The Iranian regime has harshly clamped down on the protesters, and is reportedly aided by Chinese artificial intelligence (AI) surveillance technology in this suppression campaign.

For nearly three months, thousands of people have been rallying in daily demonstrations across Iran after Amini died. The regime’s suppression of protesters includes alleged arbitrary arrests and detentions, gender-based and sexual violence, excessive use of force, torture, enforced disappearances, and executions.

Around a week ahead of Amini’s death, during the 2022 summit of the Beijing-led Shanghai Cooperation Organization, a Beijing-led group, Iran along with a few other countries took steps to further forge their economic and political ties with the Chinese communist regime. This growing alignment with China also manifests in these states’ adoption of technology to aid in social control, noted the MIT Technology Review.

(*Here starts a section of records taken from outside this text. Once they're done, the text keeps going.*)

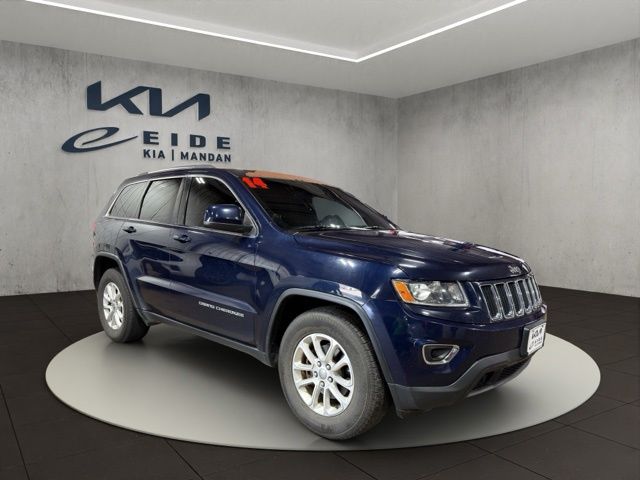 True Blue Pearlcoat 2014 Jeep Grand Cherokee SUV / Crossover Four-Wheel Drive 8-Speed Automatic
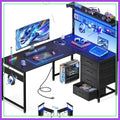 Home 43" L-Shaped Desk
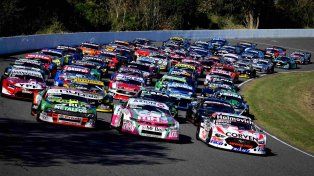 El Turismo Carretera ya está otra vez en Rafaela y la ciudad comenzó a vivir uno de los eventos deportivos más esperados del año.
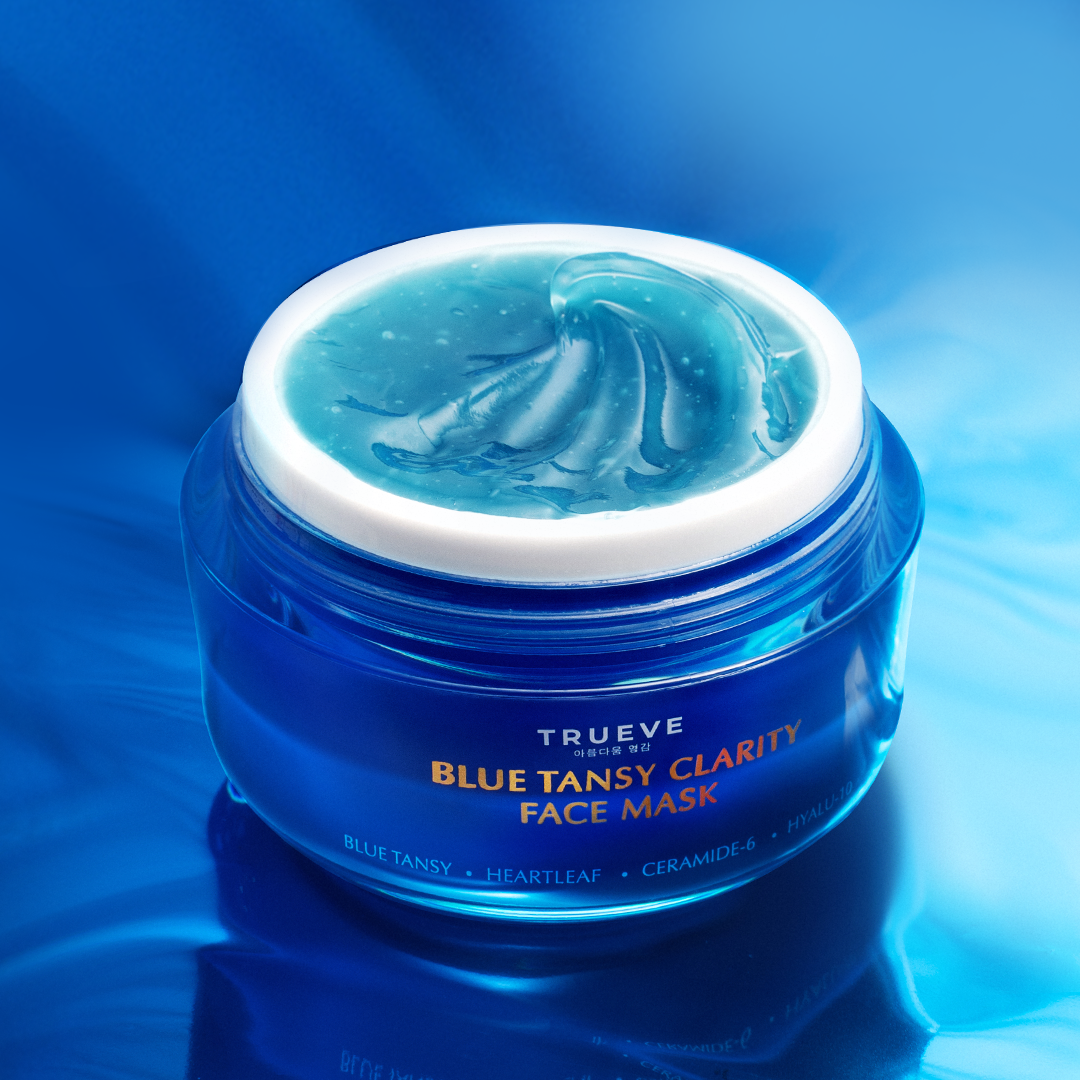Blue Tansy Clarity Face Mask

Researchers have termed this “digital authoritarianism.” A 2021 Freedom House report ranked Iran the one of the worst environments for internet freedom, second only to China.

A Chinese national flag flutters near the surveillance cameras mounted on a lamp post in Tiananmen Square in Beijing, on March 15, 2019. (Andy Wong/AP Photo)

Digital Authoritarianism

Such trends of digital rights abuses have only increased since the protests.

Iran’s Supreme Council of Cyberspace temporarily banned Instagram, the country’s most popular social media platform, during the protests. Telegram, a messaging app, was earlier banned in 2018 because it encouraged anti-regime protests.

To further quell dissent and prevent people from organizing, the regime has also been focusing on enhancing its surveillance capabilities, primarily by looking to China, experts say.

Sahar Tahvili, an AI researcher who holds a doctorate in software engineering, said that since more and more people in Iran are turning to anti-censorship technologies to evade the regime’s controls, Tehran needs to combat this by acquiring more sophisticated surveillance systems.

“There are not many vendors who can export such technology to Iran and as China has the longest history of internet censorship, they are one of the very few available suppliers,” Tahvilli told The Epoch Times in an email.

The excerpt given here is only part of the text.